Второе выступление Буша, 12 сентября, — уже после стратегического решения; оно более директивно и конкретно. Самое главное в нем — это сообщение о начале войны. В послании 12 сентября президент говорит преимущественно о враге.

«Я только что закончил встречу с моей группой национальной безопасности, и мы получили последние разведданные. Продуманные и смертоносные атаки, предпринятые вчера против нашей страны, были больше чем актами террора. Они были актами войны. Это потребует от нашей страны объединиться в непоколебимой определенности и решимости. Свобода и демократия под ударом. Американскому народу надо знать, что мы столкнулись с самым необычным противником, с которым когда-либо сталкивались. Этот противник прячется в тени и не имеет уважения к человеческой жизни. Это — противник, который охотится на невинных и ничего не подозревающих людей, а затем бежит в укрытие. Но невозможно бегать в укрытие все время. Это противник, который пытается прятаться. Но невозможно прятаться все время. Это противник, который думает, что его убежища надежны. Но невозможно, чтобы они были надежны все время. Этого противника атакует не только наш народ, но и все свободолюбивые народы повсюду в мире. Соединенные Штаты Америки будут использовать все наши ресурсы, чтобы победить этого противника. Мы будем объединять весь мир. Мы будем настойчивыми, мы будем сконцентрированными, мы будем непоколебимыми в нашей решимости. Битва потребует времени и упорства. Но не заблуждайтесь: мы победим» (Bush, 12/09/01).

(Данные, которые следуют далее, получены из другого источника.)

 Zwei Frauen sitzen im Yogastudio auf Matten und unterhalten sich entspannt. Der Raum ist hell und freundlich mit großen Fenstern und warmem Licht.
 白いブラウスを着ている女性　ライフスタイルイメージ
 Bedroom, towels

«Мы» определены в трафаретных фразах упорства и стойкости. Противник же еще более инфернализирован, превращен в сумеречное существо. Это — разновидность хищника и насекомого, шныряющего в потемках. О противнике во втором президентском послании сказано, что он different — необычный, иной, другой. Подозрение в его не вполне человеческой природе усиливается. Вопервых, он — существо сумеречное, во-вторых, не питает расположенности к нормальному образу жизни.

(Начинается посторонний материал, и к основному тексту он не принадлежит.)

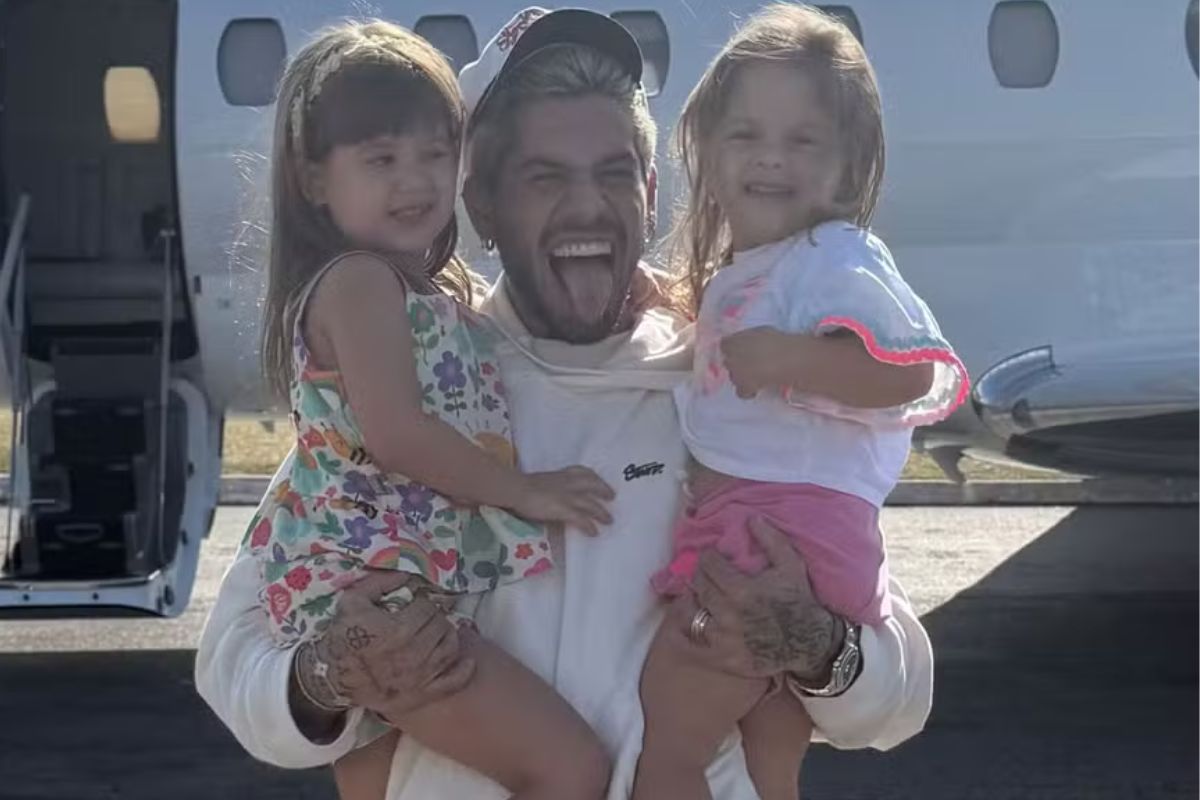Após mala extraviada, Maria Flor cobra presentes de Zé Felipe: “Cadê?”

В унисон Бушу ось противостояния прорисовывал премьер-министр Великобритании Т. Блэр. Европейская политкультура и британская корректность предписывали ему выражаться более обтекаемо, чем заокеанскому коллеге. К тому же его политическая задача другая, чем у Буша. Британский премьер спешит наметить контуры объединенного фронта в поддержку заокеанского союзника. Выступление Блэра в палате общин 14 сентября 2001 г. построено на оппозиции «цивилизация-варварство». Деяния террористов он характеризует с брезгливой гримасой культурного, воспитанного человека, как отвратительные и грязные (напомню, что Буш выразился очень конкретно: преднамеренные и смертоносные). Отталкиваясь, как и Буш, от террористического вызова, Блэр сразу же расширяет его адресат: «Эти атаки не просто атаки против людей и зданий, даже не только против Соединенных Штатов Америки, это были атаки на базовые демократические ценности, в которые мы все верим так страстно, и на весь цивилизованный мир» (Blair, 14/09/01). Линия «мы-они» у Блэра более «горизонтальна», чем у Буша. Британский лидер может позволить себе больший градус рациональности, чем его заокеанский коллега, остающийся под давлением символической риторики.